IA-CEPA ditargetkan implementasi bulan Juli, industri harus belajar pasar Australia



KONTAN.CO.ID - JAKARTA. Perjanjian kerja sama ekonomi komprehensif Indonesia dan Australia (IA-CEPA) ditargetkan mulai implementasi bulan Juli 2020.

Pemerintah saat ini tengah membuat notifikasi untuk memulai hal itu. Oleh karena itu selama masa dua bulan seluruh kebijakan yang menghambat hubungan ekonomi kedua negara yang diatur dalam IA-CEPA harus diperbaiki.

Baca Juga: Bakal efektif di tahun ini, IA-CEPA bisa dorong ekonomi di tengah pandemi


Tidak hanya pemerintah yang memperbaiki kebijakan. Industri juga dinilai harus bersiap memahami kebutuhan Australia untuk merespon IA-CEPA. "Kami harap semua jenis industri bisa mempersiapkan diri mempelajari dan memenuhi standar pasar Australia," ujar Wakil Ketua Kamar Dagang dan Industri (Kadin) bidang hubungan internasional Shinta Widjaja Kamdani saat dihubungi kontan.co.id, Minggu (10/5).

Shinta bilang seluruh industri Indonesia bisa memanfaatkan perjanjian tersebut. Pasalnya Australia menghapus seluruh tarif produk Indonesia ke Australia.

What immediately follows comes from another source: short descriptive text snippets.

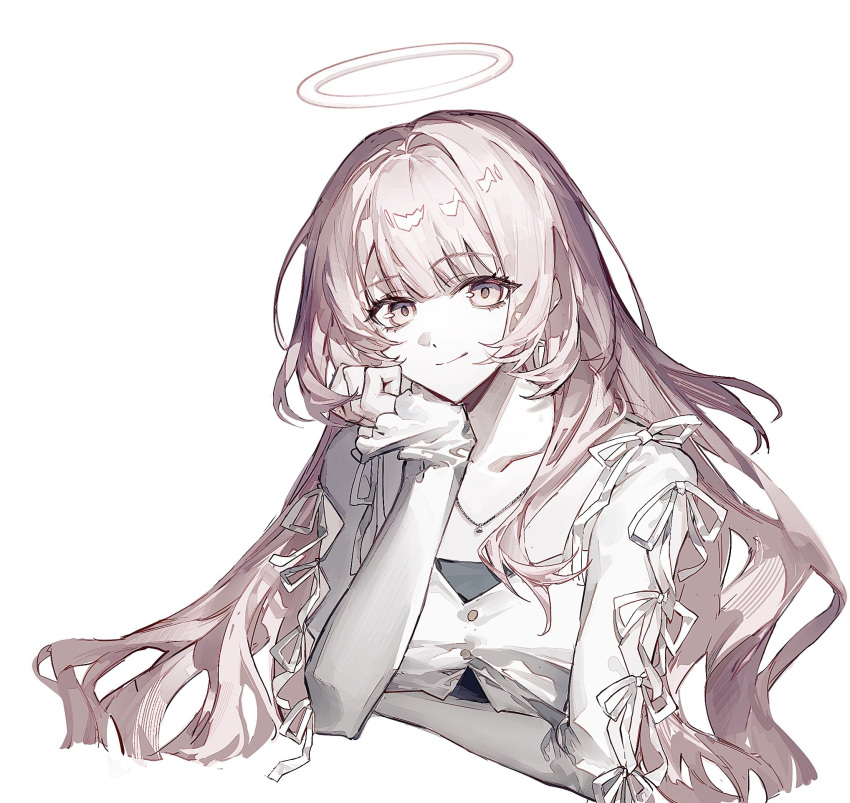 1girl, alternate_costume, arknights, bochishiraita, closed_mouth, halo, hand_on_own_cheek, hand_on_own_face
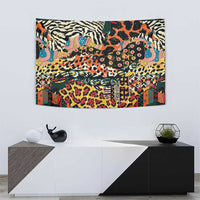 Rectangular wall tapestry with vibrant mixed animal skin patterns and decorative motifs.
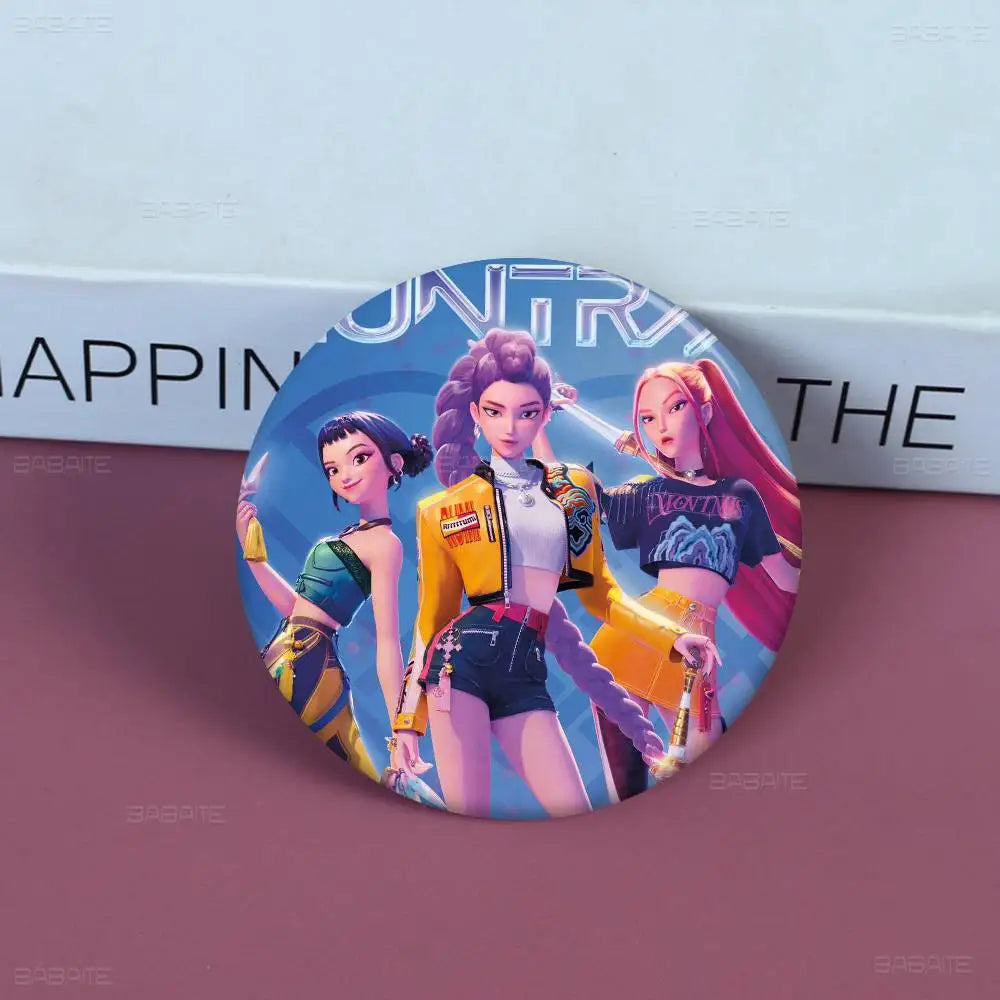K-Pop Demon Hunters Anime Pin Button | Cute Cartoon Brooch Jewelry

Tidak hanya untuk ekspor, untuk industri dalam negeri pun dapat memanfaatkan impor bahan baku dari Australia. Tarif yang dihilangkan akan membuat harga produk lebih rendah yang berpengaruh pada harga produk jadi.

"Namun, kami memperkirakan industri yang akan paling banyak dibantu oleh perjanjian ini dalam waktu dekat adalah industri yang sudah mengekspor atau sudah menciptakan supply chain dengan Australia, misalnya industri panel kayu, plastik, herbisida/pestisida, kertas, atau industri otomotif yang diberikan better deal oleh Australia untuk ekspor electric cars," terang Shinta.

Baca Juga: Manfaatkan IA-CEPA, para pebisnis diharapkan lebih mempersiapkan diri lebih baik

Shinta masih belum bisa memprediksi apakah IA-CEPA dapat mendorong pemulihan ekonomi pasca pandemi virus corona (Covid-19). Tetapi di tengah pandemi kesiapan industri dari kedua negara berpengaruh pada penanganan wabah.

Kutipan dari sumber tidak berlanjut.